The Lyrics Repetition Analyzer
I have just returned from a two week vacation, which contained a sizeable amount of road tripping. And with every great road trip comes great tunes!
One of the albums I was excited to be listening to was The Arcade Fire's newest release, called Everything Now. It has received some mixed, but I try to keep an open mind.
Upon first listen I actually really liked the album (and will listen many more times), but something stuck out to me. It seemed like several of their songs were just the same couple of words repeated for the whole track. The instrumentals were great, but the lyrics seemed like an after thought in a few songs.

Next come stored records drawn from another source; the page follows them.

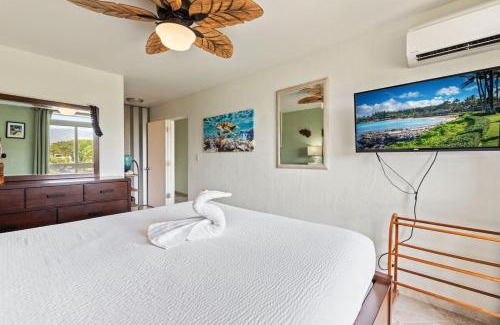 Kihei Apartment | Nani Kai Hale 403- Top floor 1 bedroom with AC & partial ocean view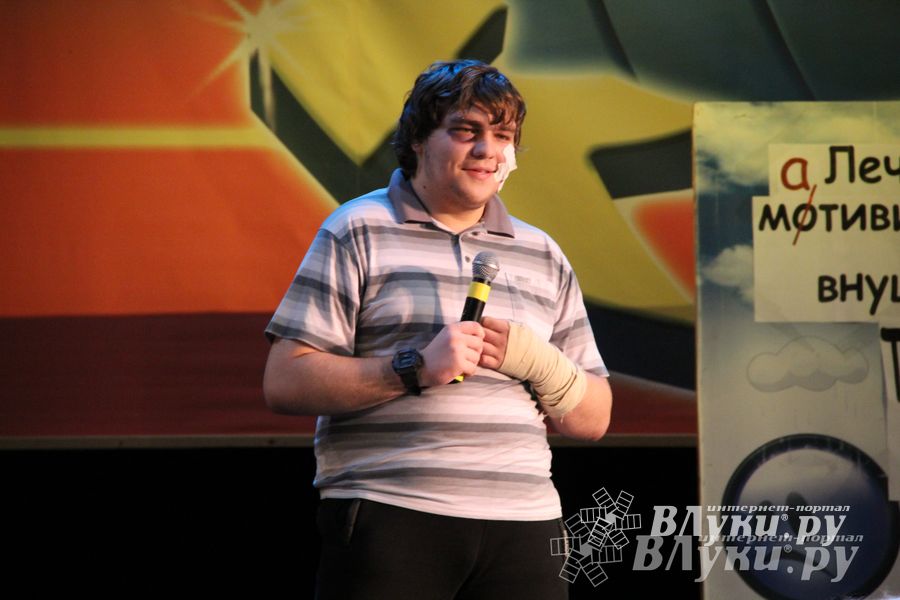 Великолукские КВНщики «перезагрузились» (фото)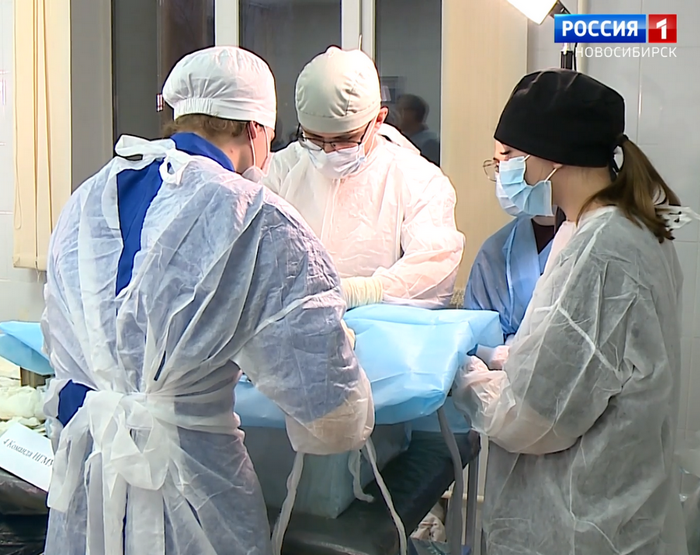 Врачи делают операцию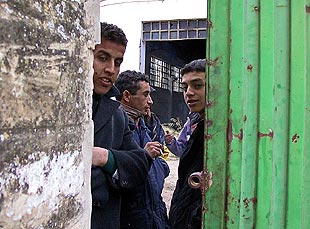 Inmigrantes refugiados en una antigua fábrica de Úbeda.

Now "same couple of words repeated" is actually a pretty decent description of song lyrics in general. So I was curious if this was an accurate observation, or just my perception being critically biased in light of reviews.
"I should pull the lyrics of the album, do some word counting, and compare to past albums" I proclaimed. My passenger reacted with mild to light enthusiasm.
As the idea matured, I decided word counting is not the best metric. Repeating the same few words throughout an album is not a problem if their order is varying. So instead I looked at groupings of words, counting duplicate pairs, triplets, and quadruplets of word groupings.
Here is what I got:
In the figure above, you can see the duplicate rate of pairs, triples, and quadruplets as a percentage of all words. As expected, Everything Now had a higher rate in all cases. Furthermore, it also had a higher relative rate of triplets and quadruplets than the other albums (green and blue bars were closer to the red bar height).
So this gives me peace of mind knowing in fact they were repeating themselves more, and I wasn't just influenced by the reviews.
Beyond The Arcade Fire
Throwing this graph together would have been a pretty easy task if I assembled all the data by hand, generate some numbers, and used a tool like google docs or excel to plot the graph. That would require a lot of work for each new artist though, and my burgeoning career as a music critic requires efficiency.
So I decided to automate the whole process by artist. This was done using a python script that will take a musician's name, pull all their available lyrics using the Genius API / web scraping (based on this Bigish Data post), gather statistics for each album using the Natural Language Tool Kit, and plot a bar graph using matplotlib.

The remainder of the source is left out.